SUPPLIED MATERIAL section start

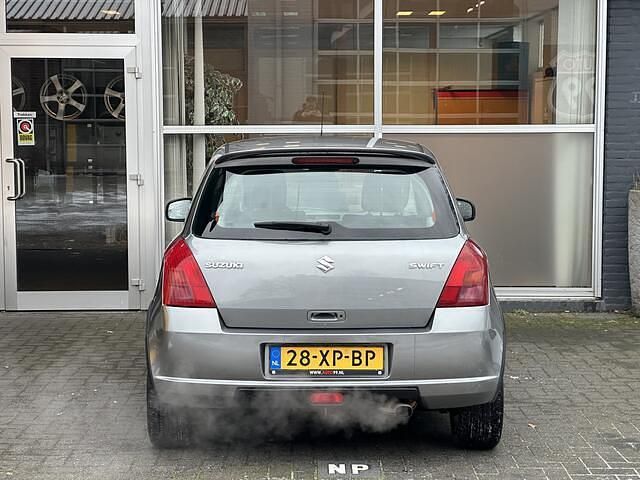 Occasion Suzuki Swift GLS 93 PK (68 kW) 2007 Grijs Hatchback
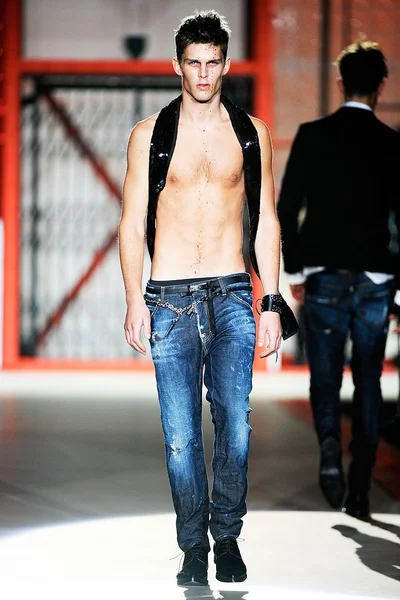 Look 37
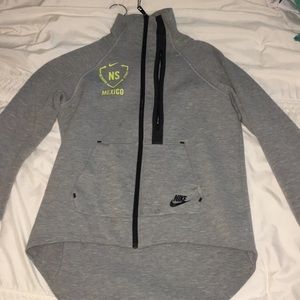 Nike Sweater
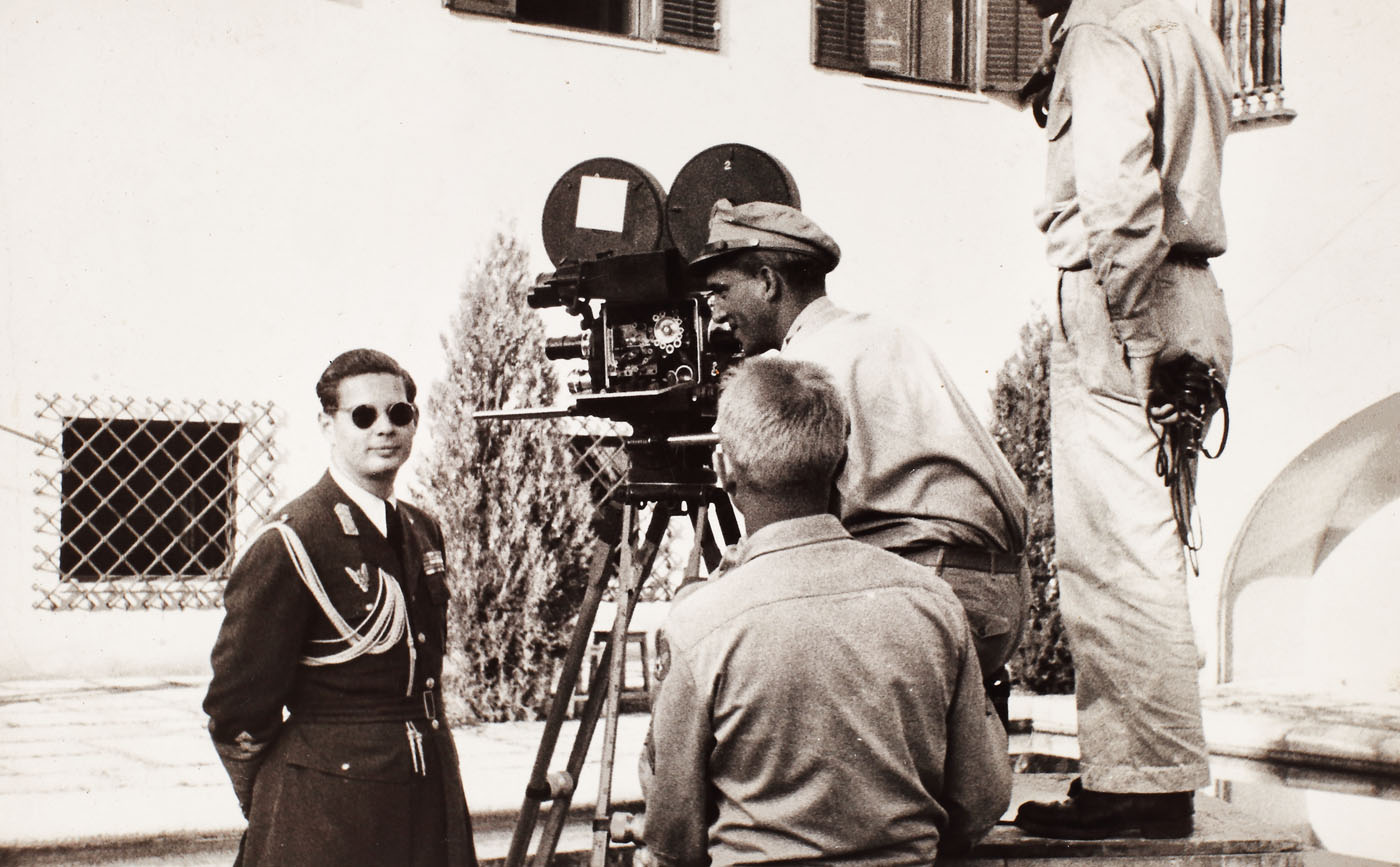 Fotografie ilustrându-l pe Regele Mihai I în timpul unei filmări, la palatul Elisabeta, cca. 1944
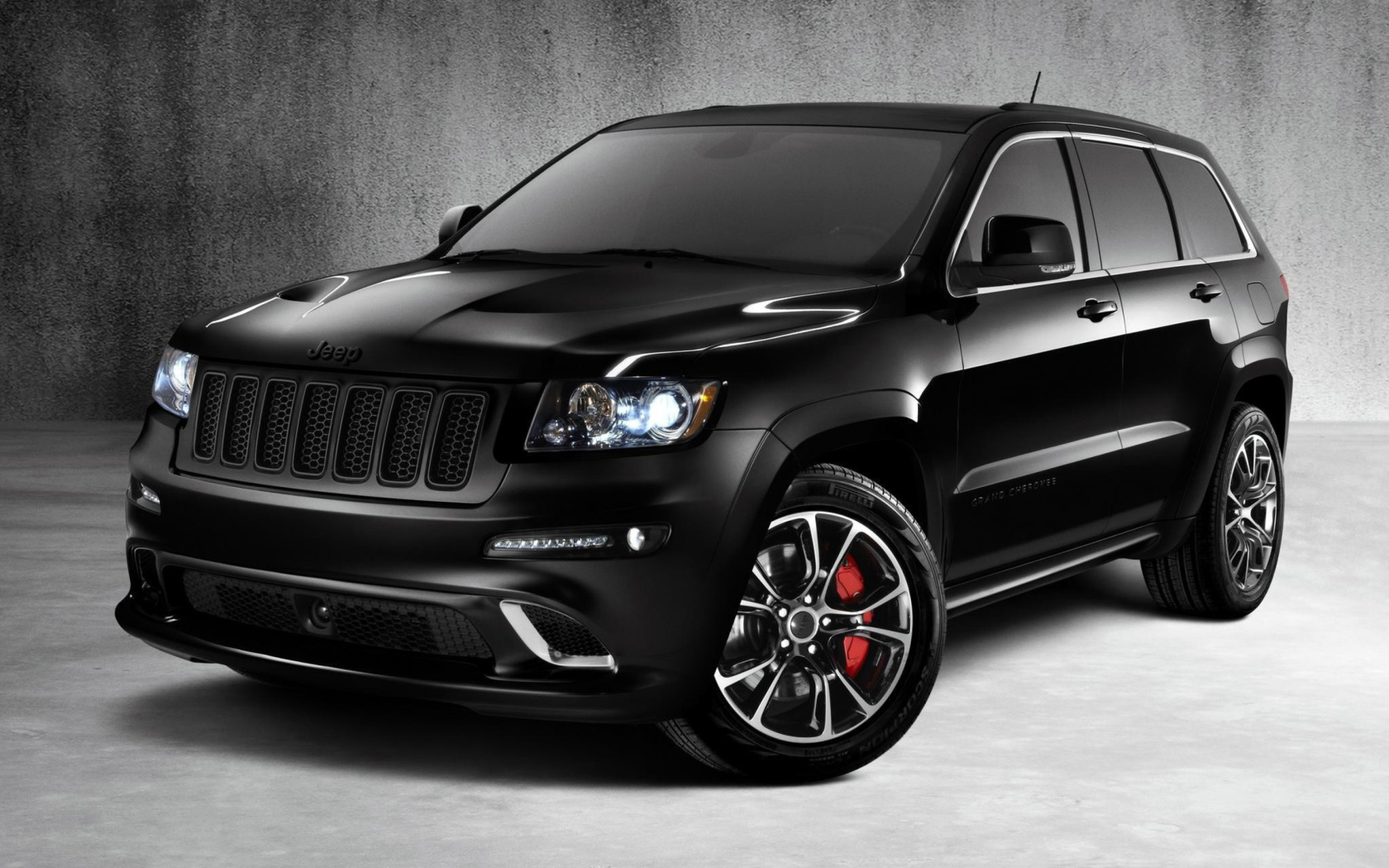 Обои Jeep Grand Cherokee SRT8 2015 1680x1050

SUPPLIED MATERIAL section end

### WHAT IS NEEDED
Copy out all the records exactly as they read, and omit the pictures.

### EXERCISE ANSWER
 Occasion Suzuki Swift GLS 93 PK (68 kW) 2007 Grijs Hatchback
 Look 37
 Nike Sweater
 Fotografie ilustrându-l pe Regele Mihai I în timpul unei filmări, la palatul Elisabeta, cca. 1944
 Обои Jeep Grand Cherokee SRT8 2015 1680x1050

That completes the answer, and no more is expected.